Records from a collection

----------

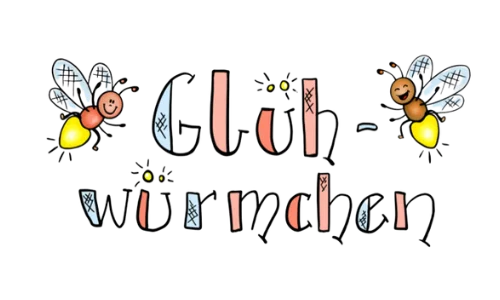 Logo der Kita Glühwürmchen e.V. aus München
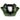 Revolution Mini Deluxe V3 Disc Golf Bag - Olive Green - Gio's Outdoors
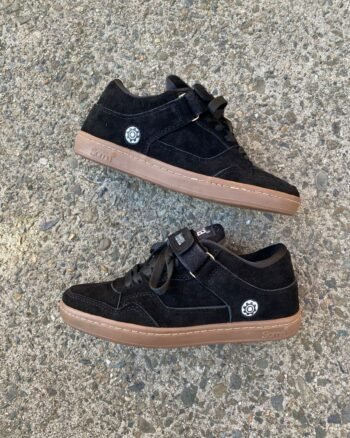 Tenis Soma Driver - Negro / Café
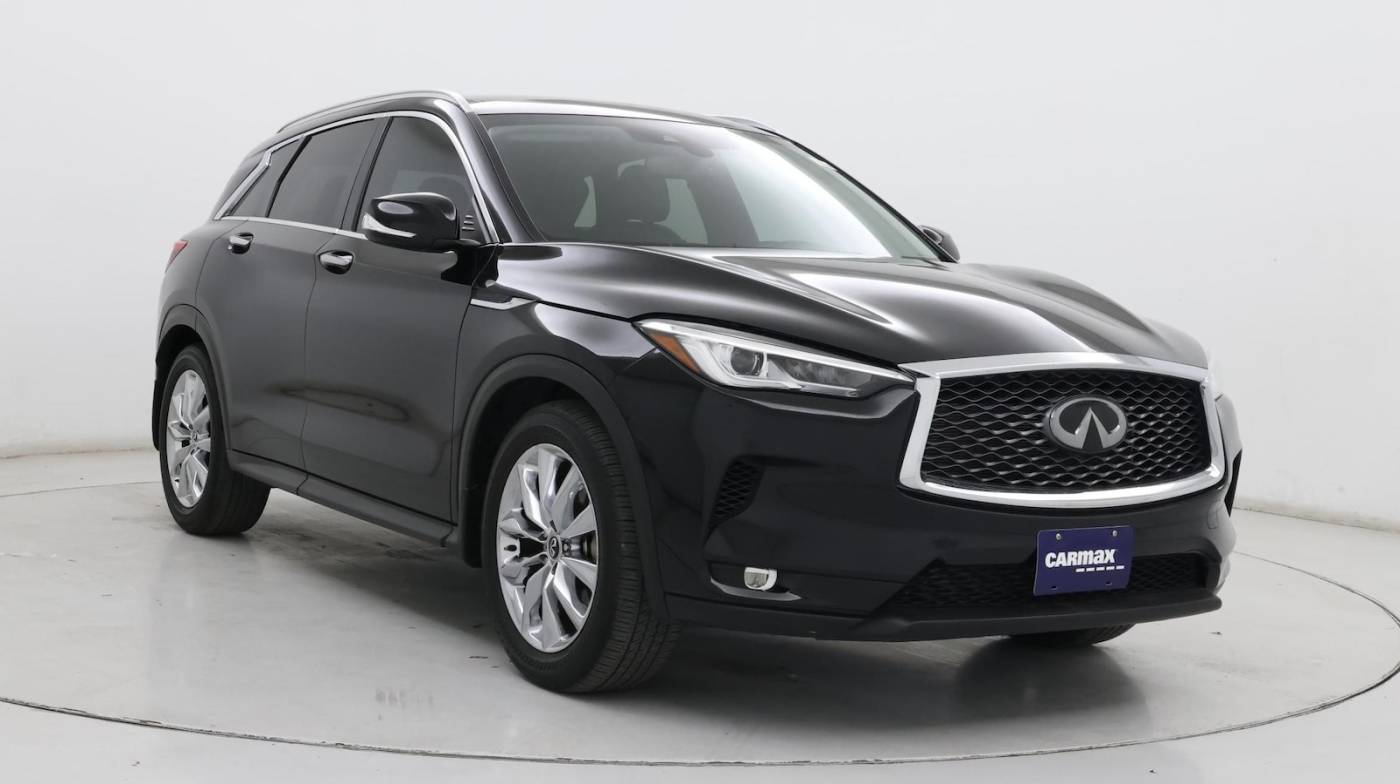 2019 INFINITI QX50 LUXE — SUV — 53,018 mi — El Paso, TX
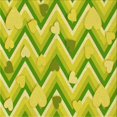 thumbnail image 1 of Ahgly Company Tapis d'Intérieur Lavable à la Machine, Carré, Transitionnel, Vert Pistache, Tapis de Zone, 6 Pieds Carré, 1 of 7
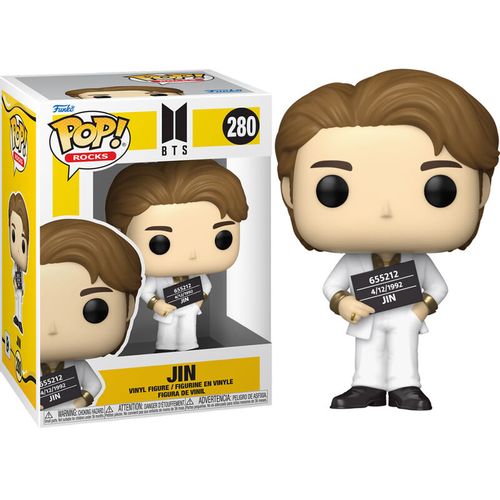 POP figure BTS Jin slika 1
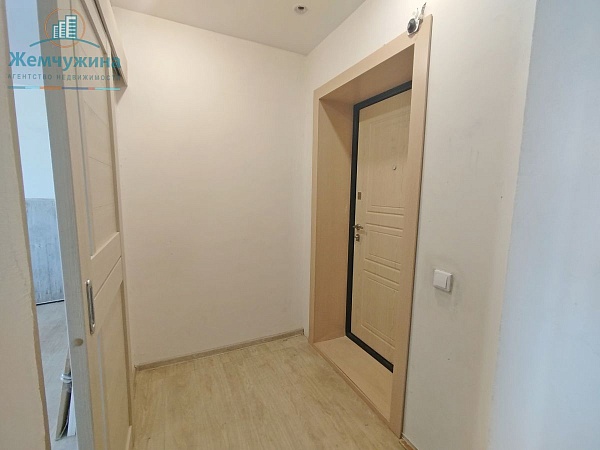 1-к квартира, 34 кв.м.
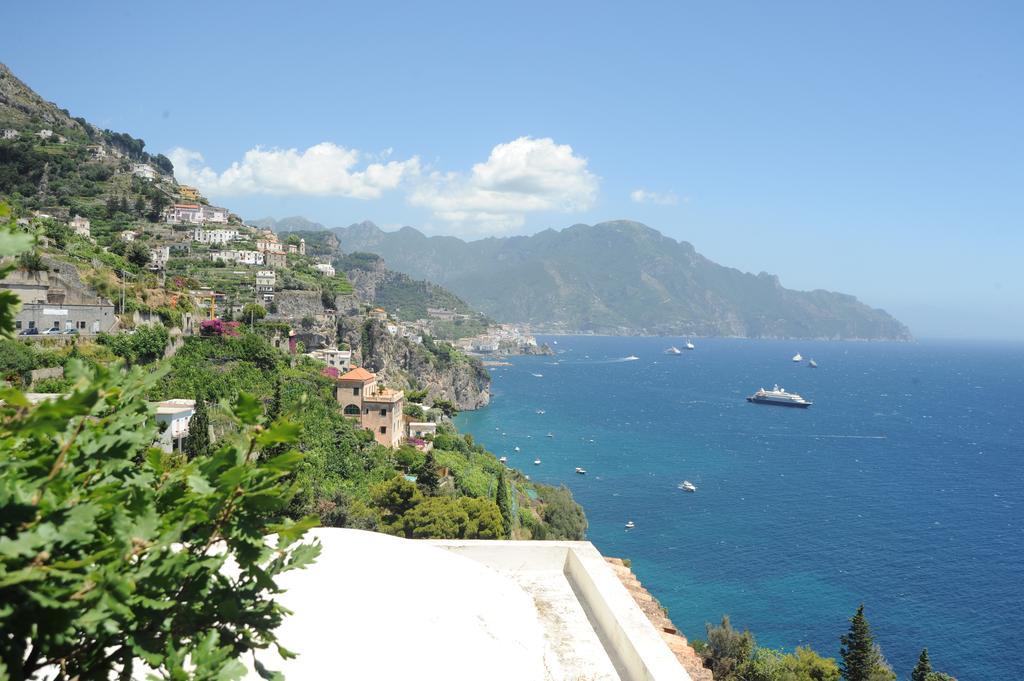Locanda Costa D'Amalfi Eksteriør bilde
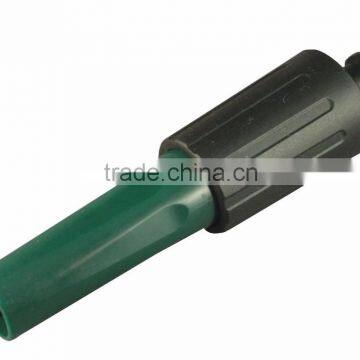 Plastic Twist Hose Nozzle, Garden Hose Nozzle, Garden Spray Gun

----------

▶ _PROBLEM REQUIREMENTS_
Write out, word for word, only the lines from the one containing "Tenis Soma Driver - Negro / Café" to the end of the data above; the pictures stay out.

▶ _ANSWER SPACE_
 Tenis Soma Driver - Negro / Café
 2019 INFINITI QX50 LUXE — SUV — 53,018 mi — El Paso, TX
 thumbnail image 1 of Ahgly Company Tapis d'Intérieur Lavable à la Machine, Carré, Transitionnel, Vert Pistache, Tapis de Zone, 6 Pieds Carré, 1 of 7
 POP figure BTS Jin slika 1
 1-к квартира, 34 кв.м.
Locanda Costa D'Amalfi Eksteriør bilde
 Plastic Twist Hose Nozzle, Garden Hose Nozzle, Garden Spray Gun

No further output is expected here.